November 25, 2017 at 5:01 pm
(This post was last modified: November 25, 2017 at 5:03 pm by Edwardo Piet.)
(November 25, 2017 at 4:34 pm)Catholic_Lady Wrote: I can see Ham's point. If there is a crime involved, the moral thing to do is probably to be honest about it to law enforcement, even if that means getting someone in trouble for it.
I guess if I was a criminal I probably
wouldn't snitch, really. But I think I should. But then I probably should not do the crime in the first place either right?
And in reality, maybe I wouldn't snitch on a criminal if I was terrifed that they would beat the shit out of me if I did. But I think that would be a moral failing on my part. What I
would do is very different to what I
should do.
I often take the least moral option out of cowardice or selfishness.
I lost my virginity to a married woman when I was 25, and I think that was immoral of me too. Slightly. I did that out of pure sexual desperation, being a 25 year old virgin. Although I was single myself and I think it would have been far more immoral if I myself had been in a relationship, and cheating itself is far more immoral than allowing someone to cheat with you when you yourself aren't cheating, but I still think it would have been the morally better option for me to, somehow, resist that insanely strong temptation. The fact she seduced me and she kept seducing me when I
tried to resist, didn't help. But I still think I should have somehow resisted.
Of course many people say that if she didn't cheat with me she would have cheated with someone else, and she probably already had and she probably cheated after she cheated with me too . . . but I still think that
if I
could have resisted, that would have been the morally superior option.
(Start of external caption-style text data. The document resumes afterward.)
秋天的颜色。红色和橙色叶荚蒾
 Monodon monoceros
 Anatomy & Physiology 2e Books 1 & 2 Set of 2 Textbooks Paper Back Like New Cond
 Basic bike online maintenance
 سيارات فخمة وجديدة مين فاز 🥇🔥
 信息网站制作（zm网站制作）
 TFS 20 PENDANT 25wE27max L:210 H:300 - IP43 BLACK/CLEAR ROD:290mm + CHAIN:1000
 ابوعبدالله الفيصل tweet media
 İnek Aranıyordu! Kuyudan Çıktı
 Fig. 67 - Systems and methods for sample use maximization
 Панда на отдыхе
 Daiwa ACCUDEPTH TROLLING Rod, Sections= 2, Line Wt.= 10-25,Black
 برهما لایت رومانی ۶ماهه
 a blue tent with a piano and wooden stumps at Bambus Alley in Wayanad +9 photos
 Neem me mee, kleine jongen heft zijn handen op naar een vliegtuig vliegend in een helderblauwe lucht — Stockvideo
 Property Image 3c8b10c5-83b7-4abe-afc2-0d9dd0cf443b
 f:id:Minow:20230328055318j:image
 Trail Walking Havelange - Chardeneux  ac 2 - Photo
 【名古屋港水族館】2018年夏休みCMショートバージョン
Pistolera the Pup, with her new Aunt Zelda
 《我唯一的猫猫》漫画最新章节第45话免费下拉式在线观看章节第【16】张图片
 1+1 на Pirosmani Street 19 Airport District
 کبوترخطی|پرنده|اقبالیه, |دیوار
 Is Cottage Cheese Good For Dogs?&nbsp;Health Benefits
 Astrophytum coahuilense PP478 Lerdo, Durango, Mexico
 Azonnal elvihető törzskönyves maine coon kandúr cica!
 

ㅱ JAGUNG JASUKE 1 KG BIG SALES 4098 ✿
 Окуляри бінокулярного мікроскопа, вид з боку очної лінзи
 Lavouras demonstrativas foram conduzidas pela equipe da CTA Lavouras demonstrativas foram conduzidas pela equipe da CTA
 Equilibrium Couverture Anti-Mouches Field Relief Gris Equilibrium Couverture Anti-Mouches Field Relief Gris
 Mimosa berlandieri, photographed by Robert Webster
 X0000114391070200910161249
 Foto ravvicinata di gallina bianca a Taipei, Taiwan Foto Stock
I think I am often biased towards my friends to an immoral extent also. And I actually value friendship
above morality. Which is very selfish of me, I do it because I like my friends and I enjoy friendship. I don't think it's moral for me to value people I like over people who are probably just as nice but I don't get along with. But I do that anyway.
I probably care about being a nice person more than being a good person too (which probably is the same thing as valuing friendship over morality). I'm very selfish and I'd rather seem good and be bad than be good and seem bad.